(REQUIRED WORK): Find and copy each line of the records where the string "Spray" shows up.

******************************

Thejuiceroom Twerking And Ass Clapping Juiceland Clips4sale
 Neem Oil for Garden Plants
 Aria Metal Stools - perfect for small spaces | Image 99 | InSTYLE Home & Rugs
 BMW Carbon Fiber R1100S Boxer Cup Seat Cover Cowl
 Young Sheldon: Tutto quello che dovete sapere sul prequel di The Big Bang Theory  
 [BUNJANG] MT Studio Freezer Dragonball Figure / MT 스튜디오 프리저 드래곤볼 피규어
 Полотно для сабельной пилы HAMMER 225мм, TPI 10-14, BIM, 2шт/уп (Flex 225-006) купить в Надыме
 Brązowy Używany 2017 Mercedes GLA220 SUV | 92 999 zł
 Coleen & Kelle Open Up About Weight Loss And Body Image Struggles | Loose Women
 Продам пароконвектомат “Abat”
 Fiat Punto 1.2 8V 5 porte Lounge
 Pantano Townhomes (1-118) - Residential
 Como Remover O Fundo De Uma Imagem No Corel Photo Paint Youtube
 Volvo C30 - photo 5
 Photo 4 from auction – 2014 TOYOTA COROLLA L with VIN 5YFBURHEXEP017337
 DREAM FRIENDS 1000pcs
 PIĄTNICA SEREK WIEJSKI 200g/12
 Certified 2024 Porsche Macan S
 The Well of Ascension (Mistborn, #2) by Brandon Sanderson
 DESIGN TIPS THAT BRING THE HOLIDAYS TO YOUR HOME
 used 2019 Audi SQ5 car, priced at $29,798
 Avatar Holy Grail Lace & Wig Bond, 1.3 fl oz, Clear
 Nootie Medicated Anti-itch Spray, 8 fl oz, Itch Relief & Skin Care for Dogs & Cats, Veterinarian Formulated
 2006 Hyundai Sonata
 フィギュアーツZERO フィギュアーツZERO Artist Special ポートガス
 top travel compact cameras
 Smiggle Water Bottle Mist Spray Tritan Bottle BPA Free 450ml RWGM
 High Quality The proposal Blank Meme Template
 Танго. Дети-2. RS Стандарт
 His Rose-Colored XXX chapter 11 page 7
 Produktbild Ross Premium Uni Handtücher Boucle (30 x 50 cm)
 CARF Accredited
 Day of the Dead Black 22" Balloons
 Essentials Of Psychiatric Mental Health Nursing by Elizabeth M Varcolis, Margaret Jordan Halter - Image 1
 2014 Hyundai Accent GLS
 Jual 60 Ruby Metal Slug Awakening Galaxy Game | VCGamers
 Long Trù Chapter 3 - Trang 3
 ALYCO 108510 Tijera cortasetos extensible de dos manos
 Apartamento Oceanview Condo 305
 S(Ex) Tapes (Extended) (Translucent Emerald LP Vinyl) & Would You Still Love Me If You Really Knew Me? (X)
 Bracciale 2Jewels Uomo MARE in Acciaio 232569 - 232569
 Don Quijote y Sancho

******************************

(EXERCISE RESULT):
 Nootie Medicated Anti-itch Spray, 8 fl oz, Itch Relief & Skin Care for Dogs & Cats, Veterinarian Formulated
 Smiggle Water Bottle Mist Spray Tritan Bottle BPA Free 450ml RWGM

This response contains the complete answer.